Further, referring to FIG. 3F, the method of fabricating the OEL device 300 of the embodiment further comprises providing a sealant 380 to wrap the organic light emitting layer 350. The material of the sealant 380 may be the UV cure adhesive, thermal cure adhesive or another similar material. Therefore, the OEL device 300 is packaged by using the protective layer 370 and the sealant 380, so as to further avoid the external moisture from entering into the organic light emitting layer 350. As such, the working life of the OEL device 300 is prolonged.

To sum up, in the method of fabricating the OEL device 300 in the first embodiment, the polymeric substrate 310 with the light enhanced structures 320 is fabricated by using molding method or injection molding method, therefore it may be in mass production to lower the production cost of the OEL device 300.

Moreover, the OEL device 300 may improve the ray utilization efficiency by the light enhanced structures 320. Further, by disposing the barrier layer 330, the waterproof function of the OEL device 300 is effectively improved.

The Second Embodiment

FIGS. 4A˜4F are schematic sectional views of a flow of fabricating the OEL device of the second embodiment of the invention.

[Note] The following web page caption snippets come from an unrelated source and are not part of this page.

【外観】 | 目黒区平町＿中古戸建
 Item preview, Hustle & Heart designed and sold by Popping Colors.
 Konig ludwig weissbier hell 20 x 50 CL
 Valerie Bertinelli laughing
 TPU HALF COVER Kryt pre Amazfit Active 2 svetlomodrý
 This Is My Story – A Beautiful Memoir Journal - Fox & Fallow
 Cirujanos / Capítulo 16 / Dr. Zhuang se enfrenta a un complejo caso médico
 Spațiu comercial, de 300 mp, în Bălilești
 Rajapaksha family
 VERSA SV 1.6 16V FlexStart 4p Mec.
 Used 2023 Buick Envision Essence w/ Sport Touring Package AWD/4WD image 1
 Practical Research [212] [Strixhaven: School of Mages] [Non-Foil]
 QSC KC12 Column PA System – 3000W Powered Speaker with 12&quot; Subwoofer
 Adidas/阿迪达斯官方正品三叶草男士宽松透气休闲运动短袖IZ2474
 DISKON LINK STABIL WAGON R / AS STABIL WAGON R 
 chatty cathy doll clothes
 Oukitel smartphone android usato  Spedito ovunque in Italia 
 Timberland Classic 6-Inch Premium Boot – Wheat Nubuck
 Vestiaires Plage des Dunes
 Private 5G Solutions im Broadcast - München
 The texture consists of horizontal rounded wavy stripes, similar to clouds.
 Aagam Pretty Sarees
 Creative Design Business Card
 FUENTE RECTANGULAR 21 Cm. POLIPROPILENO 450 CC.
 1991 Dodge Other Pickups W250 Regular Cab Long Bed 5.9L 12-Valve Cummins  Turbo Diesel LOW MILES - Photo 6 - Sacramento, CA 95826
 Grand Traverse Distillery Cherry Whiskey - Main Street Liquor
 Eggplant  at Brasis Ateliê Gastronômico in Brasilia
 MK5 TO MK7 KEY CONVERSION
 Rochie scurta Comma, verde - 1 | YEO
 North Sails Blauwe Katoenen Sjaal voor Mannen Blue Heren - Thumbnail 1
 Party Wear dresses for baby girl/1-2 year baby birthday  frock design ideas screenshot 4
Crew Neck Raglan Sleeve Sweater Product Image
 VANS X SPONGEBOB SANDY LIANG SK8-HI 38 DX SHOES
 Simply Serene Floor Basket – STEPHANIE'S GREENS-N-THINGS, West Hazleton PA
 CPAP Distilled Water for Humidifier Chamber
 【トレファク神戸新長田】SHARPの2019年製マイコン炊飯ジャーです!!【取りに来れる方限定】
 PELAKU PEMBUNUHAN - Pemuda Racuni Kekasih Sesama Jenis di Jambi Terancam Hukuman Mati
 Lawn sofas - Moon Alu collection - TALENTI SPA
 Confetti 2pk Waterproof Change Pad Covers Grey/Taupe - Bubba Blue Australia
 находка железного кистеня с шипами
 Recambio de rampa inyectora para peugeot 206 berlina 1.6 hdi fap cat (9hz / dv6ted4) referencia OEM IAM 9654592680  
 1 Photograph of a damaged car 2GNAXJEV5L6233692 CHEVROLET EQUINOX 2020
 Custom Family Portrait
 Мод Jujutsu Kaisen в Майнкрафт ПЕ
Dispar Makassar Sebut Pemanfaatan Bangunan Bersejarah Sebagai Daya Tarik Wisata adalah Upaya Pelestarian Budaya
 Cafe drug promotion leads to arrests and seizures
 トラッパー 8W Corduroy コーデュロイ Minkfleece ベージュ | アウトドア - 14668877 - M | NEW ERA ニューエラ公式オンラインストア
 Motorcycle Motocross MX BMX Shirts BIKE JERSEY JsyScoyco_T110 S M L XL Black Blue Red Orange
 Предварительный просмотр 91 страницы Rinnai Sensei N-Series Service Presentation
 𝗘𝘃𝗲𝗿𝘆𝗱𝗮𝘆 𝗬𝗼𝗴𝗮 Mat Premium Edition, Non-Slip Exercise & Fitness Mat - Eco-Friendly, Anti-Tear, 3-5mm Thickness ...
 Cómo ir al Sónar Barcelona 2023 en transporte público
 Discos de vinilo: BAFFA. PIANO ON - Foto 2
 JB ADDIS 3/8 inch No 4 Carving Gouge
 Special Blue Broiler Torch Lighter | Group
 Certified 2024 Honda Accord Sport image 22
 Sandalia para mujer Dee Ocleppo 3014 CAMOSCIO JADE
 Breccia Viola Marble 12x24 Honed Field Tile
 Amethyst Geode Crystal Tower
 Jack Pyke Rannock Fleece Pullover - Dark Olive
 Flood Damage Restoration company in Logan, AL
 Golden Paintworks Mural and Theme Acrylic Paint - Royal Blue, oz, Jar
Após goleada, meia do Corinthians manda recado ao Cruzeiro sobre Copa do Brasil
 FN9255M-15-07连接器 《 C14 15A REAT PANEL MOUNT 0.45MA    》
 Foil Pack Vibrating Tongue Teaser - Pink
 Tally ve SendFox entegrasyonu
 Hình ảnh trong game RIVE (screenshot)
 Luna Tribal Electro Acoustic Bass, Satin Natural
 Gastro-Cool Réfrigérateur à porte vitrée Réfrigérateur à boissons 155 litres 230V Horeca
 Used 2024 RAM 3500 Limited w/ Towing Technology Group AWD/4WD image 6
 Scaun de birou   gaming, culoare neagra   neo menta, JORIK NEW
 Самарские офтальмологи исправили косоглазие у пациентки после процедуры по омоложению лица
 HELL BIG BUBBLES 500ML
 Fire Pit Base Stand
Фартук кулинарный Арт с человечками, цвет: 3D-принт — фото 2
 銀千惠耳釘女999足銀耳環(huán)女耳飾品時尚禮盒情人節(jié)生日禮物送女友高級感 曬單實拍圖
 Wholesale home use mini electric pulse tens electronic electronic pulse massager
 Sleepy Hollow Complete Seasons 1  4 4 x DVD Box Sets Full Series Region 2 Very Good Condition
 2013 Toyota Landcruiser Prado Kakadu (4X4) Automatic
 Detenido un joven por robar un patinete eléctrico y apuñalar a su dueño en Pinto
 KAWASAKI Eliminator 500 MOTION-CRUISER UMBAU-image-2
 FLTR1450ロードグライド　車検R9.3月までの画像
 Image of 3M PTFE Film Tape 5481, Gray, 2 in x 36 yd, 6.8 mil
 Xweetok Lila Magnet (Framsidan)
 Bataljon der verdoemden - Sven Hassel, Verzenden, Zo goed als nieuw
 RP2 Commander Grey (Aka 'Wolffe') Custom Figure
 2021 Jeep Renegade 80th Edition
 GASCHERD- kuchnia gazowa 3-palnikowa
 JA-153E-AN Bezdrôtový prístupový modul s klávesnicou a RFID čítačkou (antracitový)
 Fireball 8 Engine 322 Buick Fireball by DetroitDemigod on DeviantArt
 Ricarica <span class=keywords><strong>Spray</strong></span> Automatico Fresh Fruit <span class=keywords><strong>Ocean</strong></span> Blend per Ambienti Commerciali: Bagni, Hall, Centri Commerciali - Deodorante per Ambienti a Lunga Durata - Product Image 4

The embodiment is about the fabricating of a top emission OEL device.

Referring to FIG. 4A, firstly a substrate 410 is provided. The substrate 410 may be a glass substrate, a plastic substrate or another kind of substrate.

Next, referring to FIG. 4B, a first electrode 420 is formed on the substrate 410. In an embodiment, the method of forming the first electrode 420 may be sputtering, evaporation method or another suitable method. The material of the first electrode 420 is, for example, metal, and the type of the metal is not limited in the invention.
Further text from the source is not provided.